◆ What the task asks ◆
Repeat everything in the data exactly except images.

◆ Data extract ◆
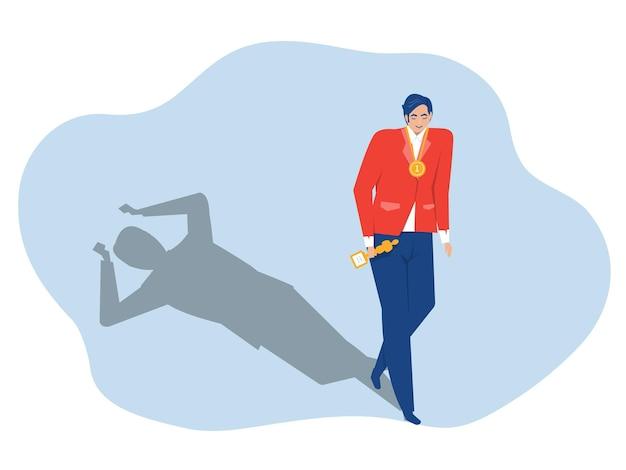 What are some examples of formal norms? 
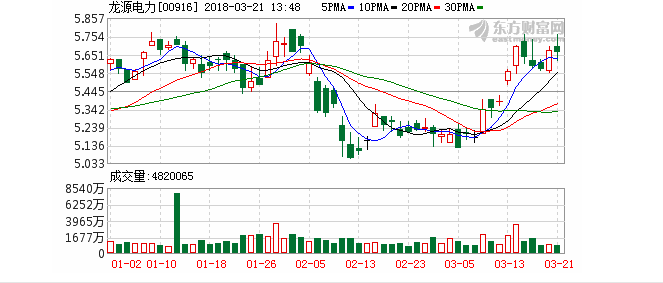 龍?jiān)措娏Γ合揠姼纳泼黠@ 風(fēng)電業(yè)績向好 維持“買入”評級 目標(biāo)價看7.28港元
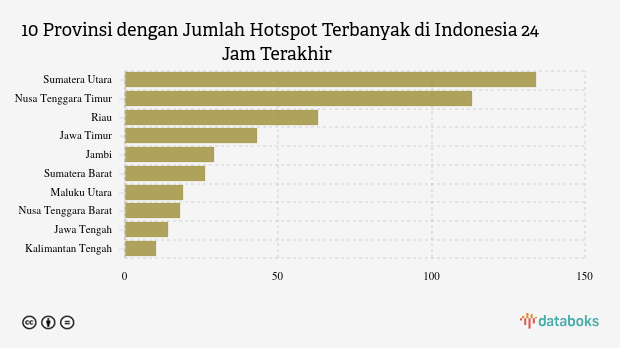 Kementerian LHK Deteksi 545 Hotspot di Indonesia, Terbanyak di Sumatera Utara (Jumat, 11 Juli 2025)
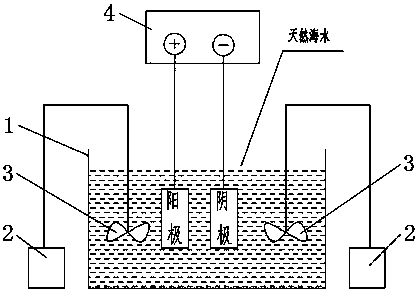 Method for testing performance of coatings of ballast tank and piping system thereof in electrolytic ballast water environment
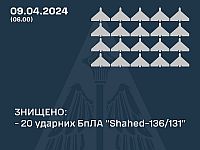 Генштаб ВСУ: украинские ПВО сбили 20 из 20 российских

◆ Answer for the task ◆
 What are some examples of formal norms? 
 龍?jiān)措娏Γ合揠姼纳泼黠@ 風(fēng)電業(yè)績向好 維持“買入”評級 目標(biāo)價看7.28港元
 Kementerian LHK Deteksi 545 Hotspot di Indonesia, Terbanyak di Sumatera Utara (Jumat, 11 Juli 2025)
 Method for testing performance of coatings of ballast tank and piping system thereof in electrolytic ballast water environment
 Генштаб ВСУ: украинские ПВО сбили 20 из 20 российских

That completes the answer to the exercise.